Operação Ferrari da PF prende 3 de MS em esquema de mais de R$ 40 milhões

A Operação Ferrari deflagrada pela Polícia Federal em 15 cidades do Paraná, São Paulo, Mato Grosso do Sul, Bahia e Sergipe , na manhã desta segunda-feira (15), prendeu, até as 13h, 16 pessoas suspeitas de envolvimento com o tráfico internacional de drogas e lavagem de dinheiro. Três delas foram presas em Londrina, no norte do Paraná, e são apontadas pela polícia como coordenadoras da organização criminosa. No Mato Grosso do Sul também foram feitas três prisões.

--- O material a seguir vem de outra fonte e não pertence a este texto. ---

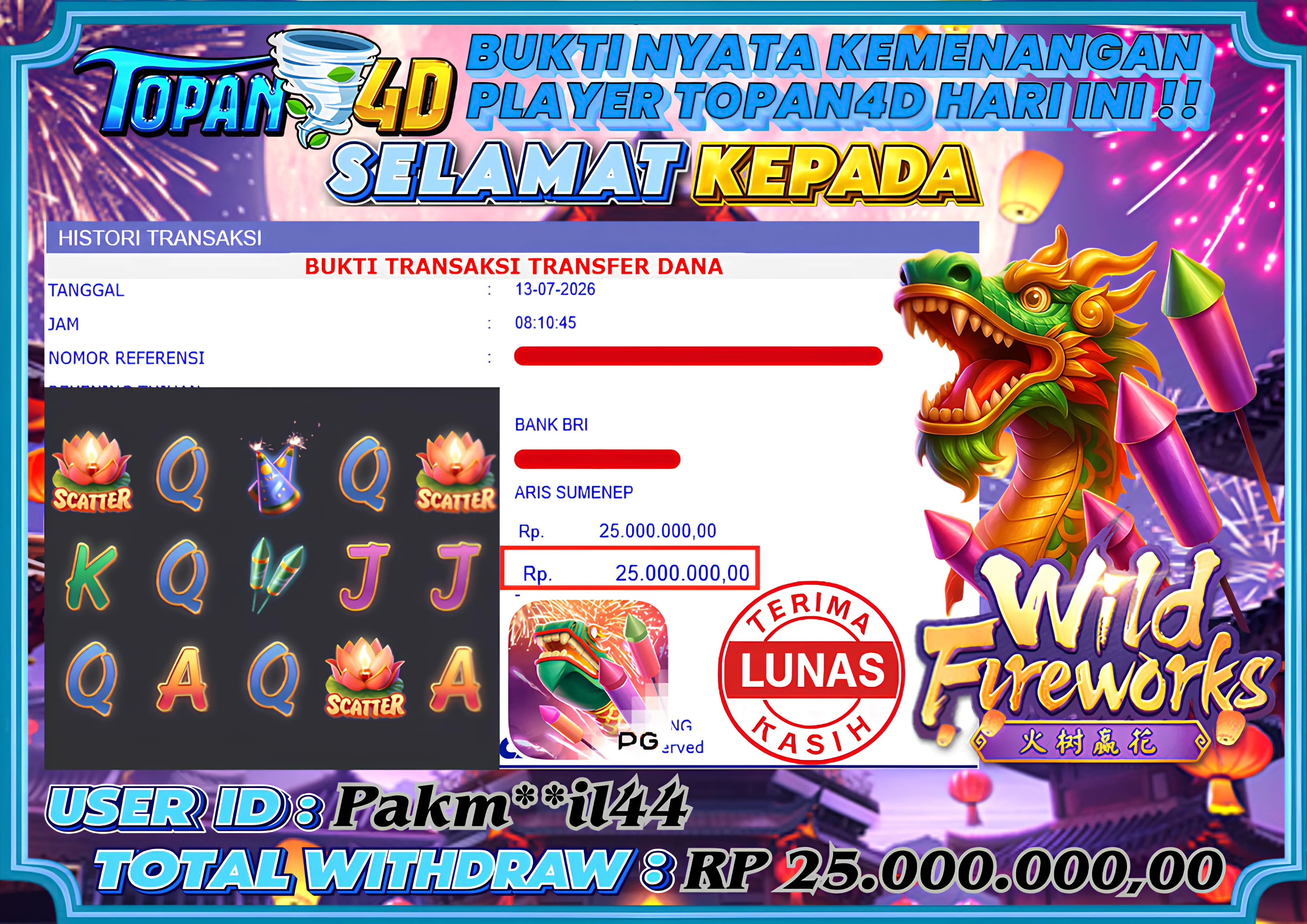 BUKTI KEMENANGAN MEMBER TOPAN4D - MENANG SLOT WILD FIREWORKS Rp. 25,000,000 - LUNAS!!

Nome da operação faz alusão ao estilo de vida luxuoso que os criminosos mantinham
Nome da operação faz alusão ao estilo de vida luxuoso que os criminosos mantinham

A Justiça expediu 49 mandados judiciais – 20 de prisão preventiva, 22 de busca e apreensão e sete de condução coercitiva, quando a pessoa é obrigada a prestar depoimento. Todos os presos serão levados para a Superintendência da PF em Curitiba.

A Polícia Federal investigava o grupo há 14 meses, e durante as investigações, a polícia descobriu que o patrimônio da quadrilha ultrapassava os R$ 40 milhões. Conforme a PF, a quadrilha importava pasta base de cocaína do Paraguai, refinava a droga em laboratórios localizados em Indaiatuba (SP) e em Salvador (BA), e depois revendia o entorpecente no interior de São Paulo e na Bahia.

“A quadrilha transportava pequenas quantidades de pasta base de cocaína semanalmente ou quinzenalmente para o Brasil. A droga seguia para esses dois laboratórios, e depois era transformada em cloridrato de cocaína”, detalha o delegado da PF, Elvis Secco. “O grupo acreditava que transportando pequenas quantidades da droga não chamariam a atenção”, acrescenta.

Após o refino da droga, a quadrilha enviava malas com dinheiro para os coordenadores em Londrina. Segundo a PF, no início as malas eram enviadas em aviões comerciais, mas após a apreensão de uma mala com R$ 520 mil no aeroporto Viracopos, em Campinas (SP), o repasse passou a ser feito em carros.

De acordo com o delegado, as investigações começaram assim que a PF identificou que diversas pessoas com extensa ficha criminal e ligadas a uma organização criminosa de São Paulo se instalaram em Londrina.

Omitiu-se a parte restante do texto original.